ASCII text versions of documents may be retrieved and viewed from public access terminals (dumb terminals ) or personal computers connected to the library catalog and searching the archive bibliographic database. Records for archival documents are linked to corresponding images and ASCII text files. Once a document is selected, choosing the option to "display text" will retrieve the ASCII file of the document, and display the text on the dumb terminal. User commands will be limited to scrolling forward, backward or printing.

10. EVALUATION

For all of the documents in this project scanning produced a digitized facsimile that was com-parable to the original document.

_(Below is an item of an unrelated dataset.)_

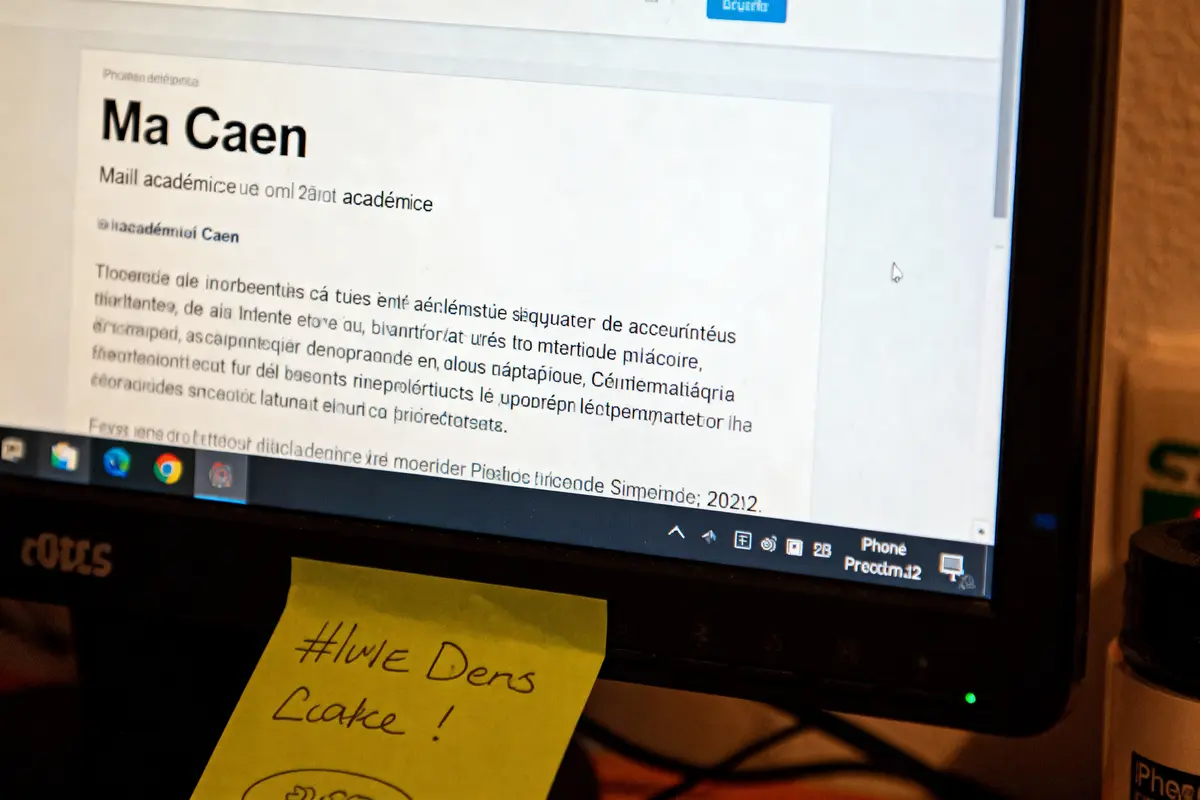 Écran d'ordinateur affichant texte académique, post-it jaune avec message humoristique en premier plan.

This was especially true for most machine produced documents (typescript, offset printing, and letterpress printing), and effectively captured most handwritten documents. However, a scanning system will not automatically produce a continuous stream of perfect quality images. The workflow of the scanning technician must include a quality control check as a primary focus to ensure images are clear, contrast is correct, size scanned does not waste storage, dpi (dots per inch) is accurate for the original source. The choice of compression algorithm impacts the quality of image displayed, storage and network transmission. Mode of access for most users, and speed of delivery influenced our choice of JPEG over LZW, and the scan setting of 200 dpi. While scanners give you a choice between flatbed and batch feeds, the type of document will override the use of batch feed(i.e. primary materials cannot be batch processed), and this factor effects the time needed to do the job.

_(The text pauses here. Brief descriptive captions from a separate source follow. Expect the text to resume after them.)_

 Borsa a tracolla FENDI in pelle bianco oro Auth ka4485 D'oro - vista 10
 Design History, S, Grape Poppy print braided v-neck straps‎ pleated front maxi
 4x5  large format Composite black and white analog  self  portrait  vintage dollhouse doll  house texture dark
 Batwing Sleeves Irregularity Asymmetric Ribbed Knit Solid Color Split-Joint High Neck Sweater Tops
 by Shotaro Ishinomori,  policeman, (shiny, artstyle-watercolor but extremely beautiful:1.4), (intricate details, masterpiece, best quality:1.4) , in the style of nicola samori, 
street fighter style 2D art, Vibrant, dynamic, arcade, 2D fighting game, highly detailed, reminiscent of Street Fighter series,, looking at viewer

The type of document will also determine the suitability of OCR technology for the project. If the original document is typescript created on a wide variety of manual typewriters and paper grades, OCR algorithms cannot be used to produce a good quality ASCII version of the digitized text. It would be more cost effective to key in the documents from scratch than to edit an OCR text with less than 75% accuracy. Text editing is the most time consuming of the database tasks, and depending on the type of document database, multiple levels of editing must be defined to address such com-mon OCR issues as errors due to characters which touch and noise, page layout errors, insertion of messages, etc. if the goal is to create text files adequate for full text retrieval indexing.

Memory and high resolution bit-mapped displays are critical to imaging applications.

Standards for compression and image formats are critical to network access.

The results of the project to date have been informative, though inconclusive. Client use of the image database and impact of the availability of both bibliographic and image databases on archive services must be thoroughly evaluated. With the distribution of client software, users will be asked to evaluate the service in terms of user interface design, image quality, search capabilities and per-formance characteristics. The general assessment is that digital image technology offers a promising means for reformatting a variety of archival and manuscript material. The participating archives plan to continue their collaborative efforts to preserve and make available surrogates of original research materials through the use of digital technology.
 
 

REFERENCES

Datapro Reports on Document Imaging Systems, Volumes 1-8. Delran, NJ: McGraw-Hill, Inc., 1991.

Folen, Doris R. and Laurie E. Stackpole, "Optical Storage and Retrieval of Library Material," Information Technology and Libraries, 12 (2): 181-191 (June 1993).

Kenney, Anne R.; Friedman, Michael A., and Poucher, Sue A. Preserving Archival Material through Digital Technology, Final Report. Sponsored by Cornell University on behalf of the Eleven Comprehensive Research Libraries. Ithacca, NY: Cornell University Library, 1993.